As part of its plan for a National Education Service from cradle to grave, Labour includes pledges to “align the base rate of per-pupil funding in post-16 education with key stage 4”, provide dedicated capital funding to expand provision and bring back the education maintenance allowance for disadvantaged 16-19s. All citizens would get a lifelong entitlement to training up to level 3 and six years’ training at levels 4-6, and there would be maintenance grants for disadvantaged learners. 

 

Labour would also reintroduce funding for English for speakers of other languages (Esol), support an expanded Union Learning Fund allowing workers to build up time off for education and training, produce a reformed national careers advice system, and “reverse the fragmentation and privatisation of FE and adult education”. It would scrap tuition fees and compulsory GCSE resits.

 

Apprenticeship reforms would include delivering 886,000 apprenticeships by 2030, with 320,000 of those achieved during Labour’s first term in government. An average 80,000 openings each year will be part of a new climate apprenticeship programme. And reform of the levy system would allow employers to use levy funds over a longer period of time for a wider range of training. 

 

Liberal Democrats

The LibDem manifesto pledges to spend over £1bn on FE. Key areas include a ‘skills wallet’ containing £10,000 of grant funding for everyone aged 25+ that can be spent over their lifetime on their choice of FE or training programmes monitored by the Office for Students and on careers advice. 

 

Spending restrictions on the apprenticeship levy would be loosened to channel 25% of levy funds into a social mobility fund set aside for regions most lacking in the skills they need. HND and HNC qualifications, higher apprenticeships and foundation degrees would be among higher vocational qualifications to be boosted at levels 4 and 5 to help increase advanced technician skills urgently needed by industry, while the national colleges scheme, first hatched under the coalition government in 2014, will be developed further, with emphasis on key ares such as renewable energy. 

 

Colleges would be able to claim back VAT on all publicly funded courses and scrap the current policy of making maths and English GCSE resits a condition of funding for students who do not achieve a pass mark. The party would also reintroduce a version of the old educational maintenance allowance by introducing a young people’s premium for 16-18s - an extension of the pupil premium introduced in 2011 to improve attainment of disadvantaged children up to year 11 in schools.

 

Conservatives

Pledges by the Conservative party include establishing a national skills fund, involving an annual £600m investment over each of the next five years, in addition to current skills and training funding and programmes. The fund would include apprenticeship courses and would be seen as a first step towards an eventual ‘right to retrain’ policy for every adult in England.
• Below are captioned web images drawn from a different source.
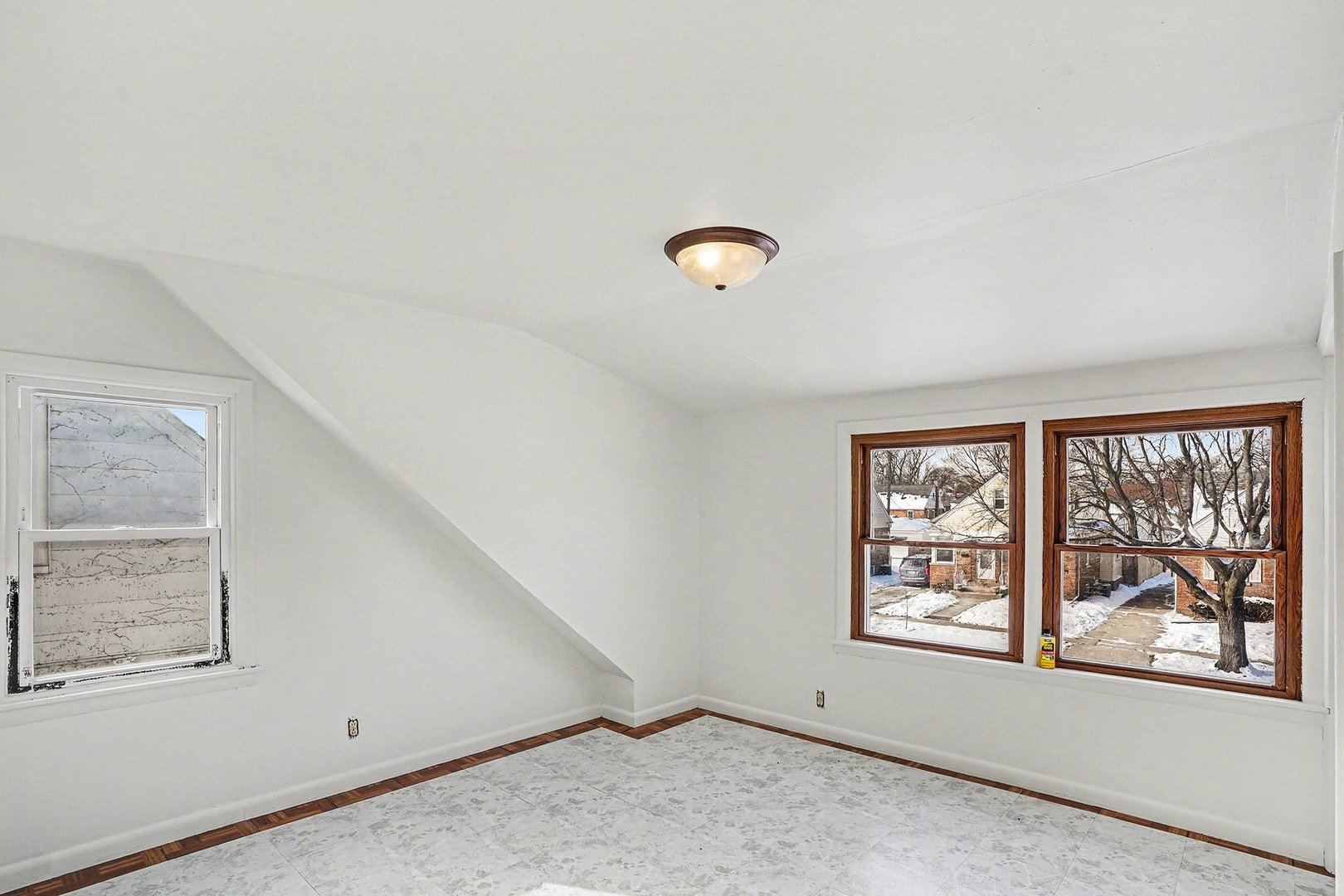 18009 Commercial Avenue, Lansing, IL 60438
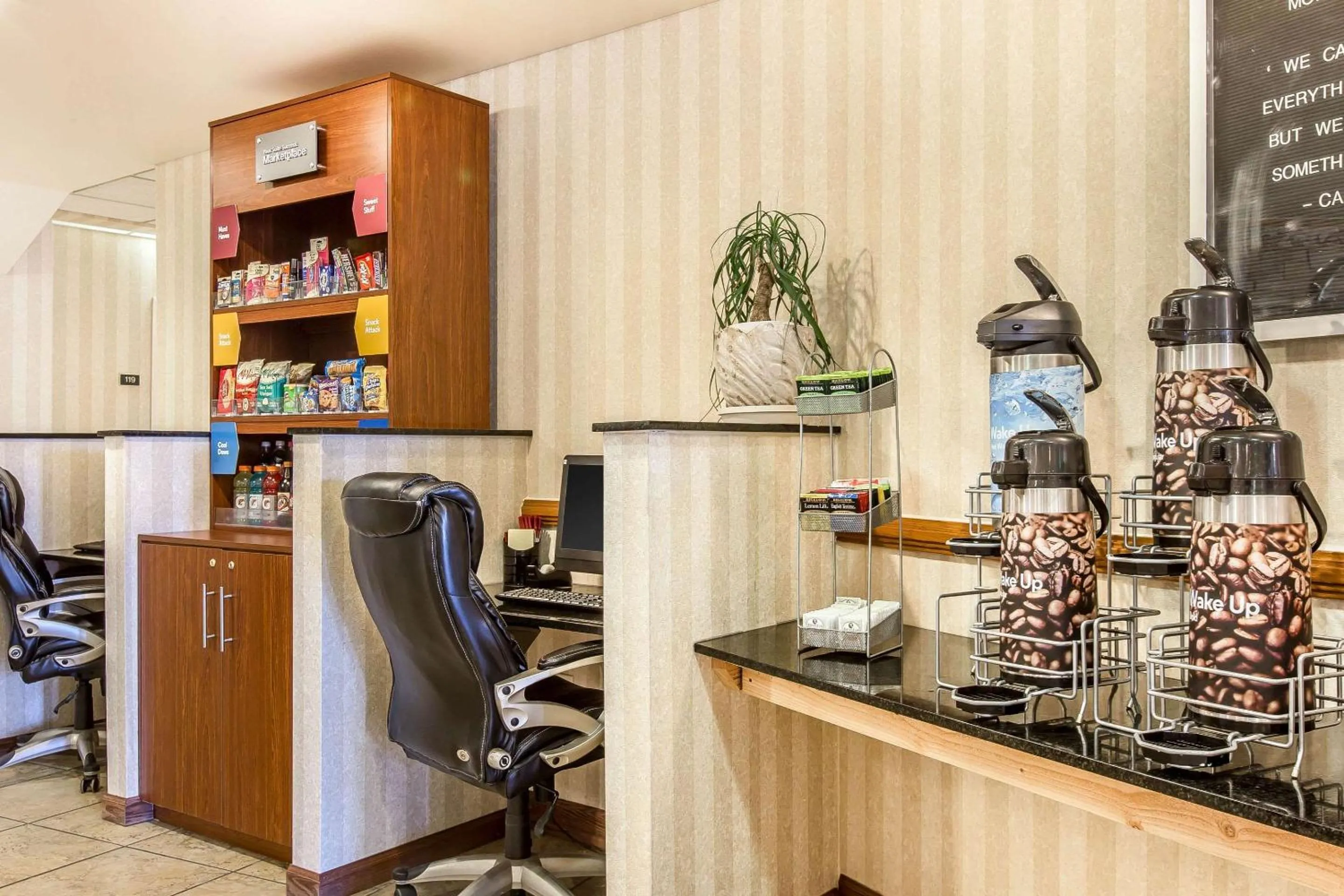 Coffee/tea facilities in Comfort Suites Summit County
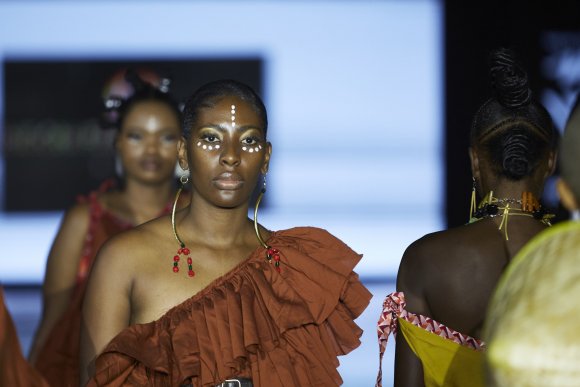 TO DOWNLOAD. CLICK ON THE IMAGE TO OPEN IT AND THEN CLICK ON IT AGAIN AND WAIT FOR IT TO LOAD IN FULLSCREEN AND SAVE. To browse images use green arrows above.
SHARE AND TAG : @MTC_WINDHOEKFASHIONWEEK
IMAGE CREDIT: @SIMZMKHWANAZI/@BESTFRIENDS_ZA
#MTCWFW2021
@MTC_WINDHOEKFASHIONWEEK
#MADEINNAMIBIA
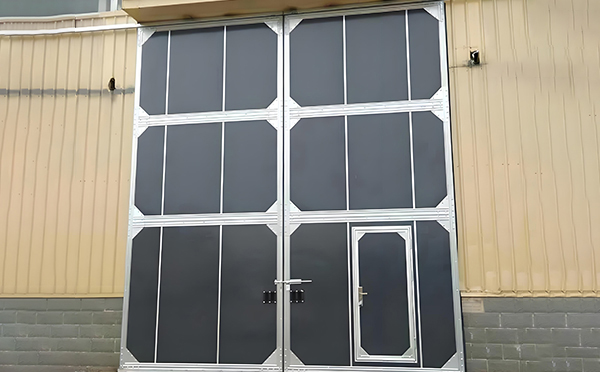 厂房临潼工业门选择与维护全解析：提升效率与安全的关键要素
It would "provide matching funding for individuals and SMEs for high-quality education and training”.

 

The party would also invest “almost £2bn to upgrade the entire further education college estate” - again over the next parliament. Specifically, it pledges to create a prisoner education service focused on work-based training and skills, including setting up every prison with a job coach to help ex-offenders in their transition to employment on release. 

The party says it would “invest in local adult education” referring to the “thoughtful recommendations [of the Augur Review on the FE sector] on tuition fee levels, the balance of funding between universities, further education and apprenticeships and adult learning” and that it would “look at the interest rates on loan repayments with a view to reducing the burden of debt on students”.